In fact any reasonable space (e.g. a manifold) is homotopy equivalent to an open subset of some $\mathbb{R}^n$ (embed it into $\mathbb{R}^n$ in a nice way, then take a tubular neighborhood), and lots of reasonable spaces have the property that their fundamental group is nontrivial but admits no nontrivial maps to $\mathbb{R}$. Maybe the simplest such space is the real projective plane $\mathbb{RP}^2$, which embeds nicely into $\mathbb{R}^4$ (I think) and has fundamental group $\mathbb{Z}_2$.

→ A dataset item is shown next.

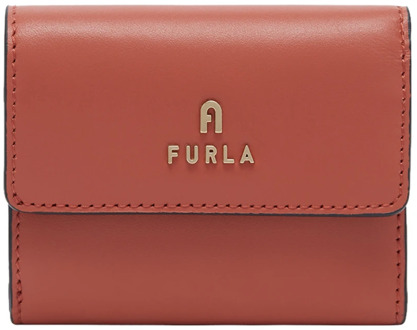 FURLA Wallets Cardholders Furla , Red , Dames - ONE Size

If you really want an explicit open subset of some $\mathbb{R}^n$, you can take $GL_3^{+}(\mathbb{R})$, the space of $3 \times 3$ matrices with positive determinant, which is homotopy equivalent to $SO(3)$, which is in turn the real projective space $\mathbb{RP}^3$, and which in particular again has fundamental group $\mathbb{Z}_2$. This is a connected open subset of $\mathbb{R}^9$.
In general, homomorphisms $\pi_1(U) \to \mathbb{R}$ correspond to homomorphisms $H_1(U, \mathbb{Z}) \to \mathbb{R}$, where $H_1$ is the first singular homology. If the fundamental group $\pi_1(U)$ is finitely generated (which is again true in all reasonable cases), every such homomorphism is trivial iff $H_1(U, \mathbb{Z})$ is torsion iff it is finite.
Best Answer
Let $U=\mathbb R^n\setminus \lbrace0 \rbrace\subset \mathbb R^n$, a simply connected domain for $n\geq3$, which we assume from now on.

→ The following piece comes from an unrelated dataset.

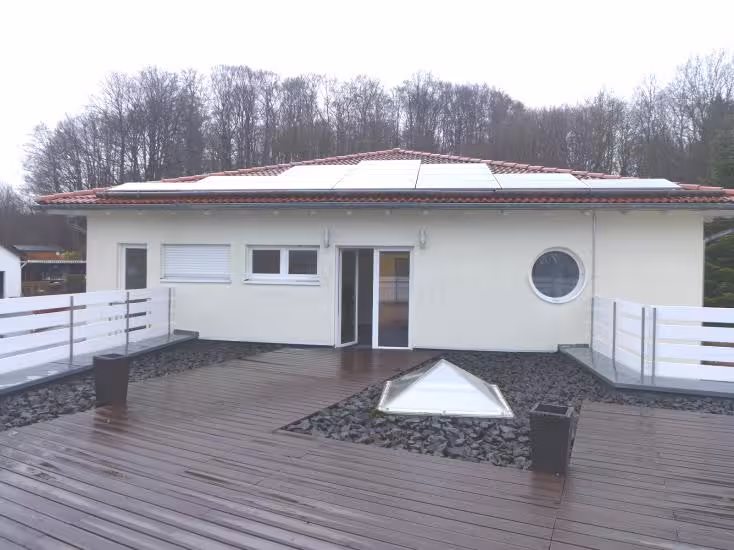 Eigentumswohnung (ab 5 Zimmer), Gewerbeeinheit (z.B. Laden, Büro), Garage, Sonstiges in Beilstein - Bild 4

The $(n-1)$ form $\omega \in \Omega^{n-1}(U)$ defined by
$$\omega (x)=\frac {1}{\mid \mid x\mid \mid^n} \sum _{i=1} ^n (-1)^{i-1}x_idx^1\wedge...\wedge \widehat{dx^i} \wedge dx_n$$ for $x\in \mathbb R^n\setminus \lbrace0 \rbrace)$ is closed but not exact. It is thus an example of what you want.

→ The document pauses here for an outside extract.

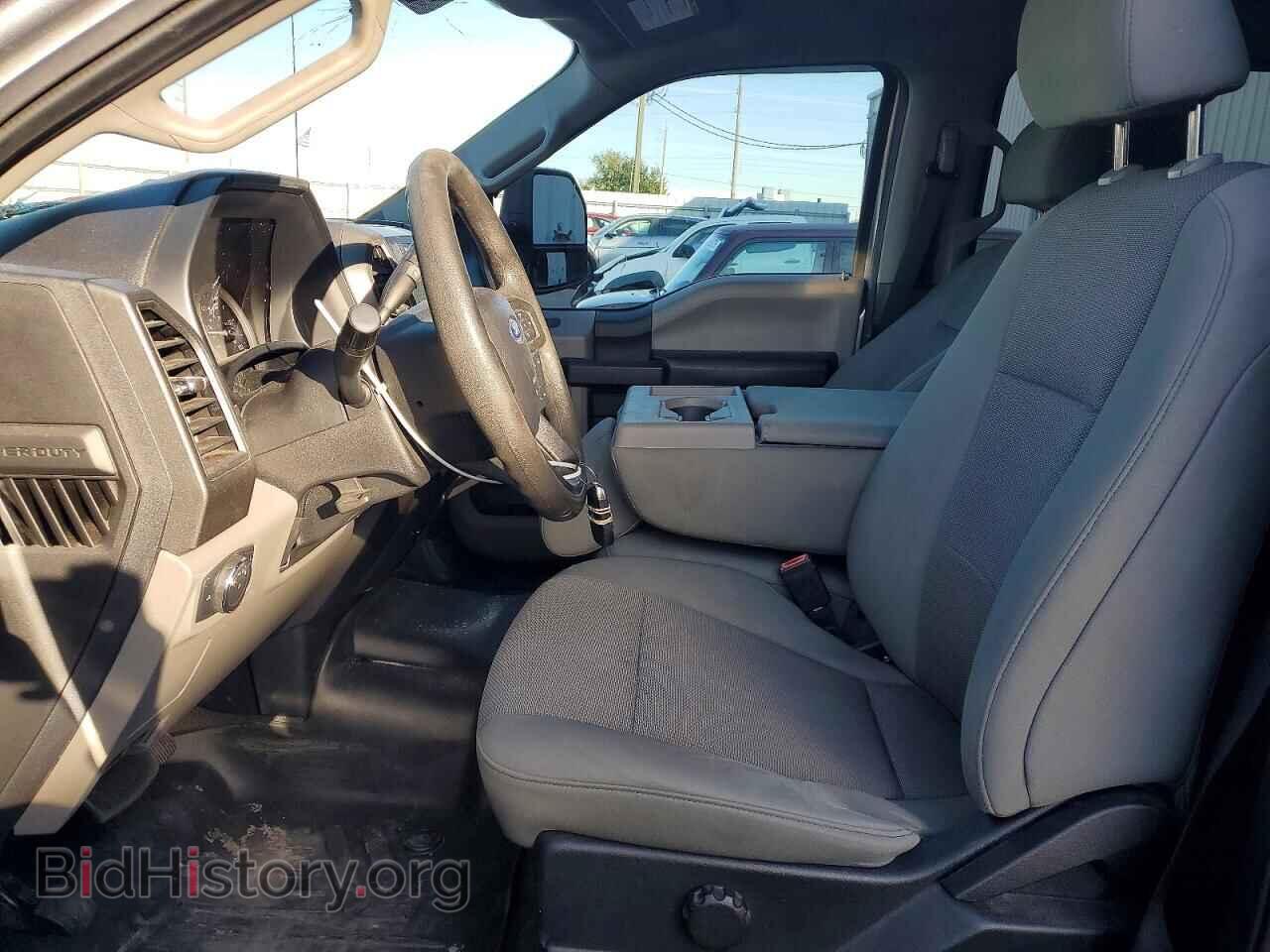 2020 FORD F250 - VIN: 1FT7W2B65LEE56108 - Фото 7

More precisely, its cohomology class $[\omega ]$ generates the one-dimensional $(n-1)$-th De Rham cohomology vector space of $U$, namely $H^{n-1}_{DR}(U)=\mathbb R\cdot[\omega ]$
NB
a) This form can also be seen as the pull-back $\omega =r^*(vol)$ of the canonical volume form $vol\in \Omega ^{n-1}(S^{n-1})$ of the unit sphere under the map $$r:U\to S^{n-1}:x\mapsto \frac {x}{\mid \mid x\mid \mid}$$
b) To be quite explicit, the value of the alternating form $\omega (x)$ on the $(n-1)$-tuple of vectors $v_1,...,v_{n-1}\in T_x(U)=\mathbb R^n$ is $$\omega (x)(v_1,...,v_{n-1})=\frac {1}{\mid \mid x\mid \mid^n}\cdot det[x\mid v_1\mid ...\mid v_{n-1}]$$
where of course $x, v_1, ...,v_{n-1}$ are seen as column vectors of size $n$.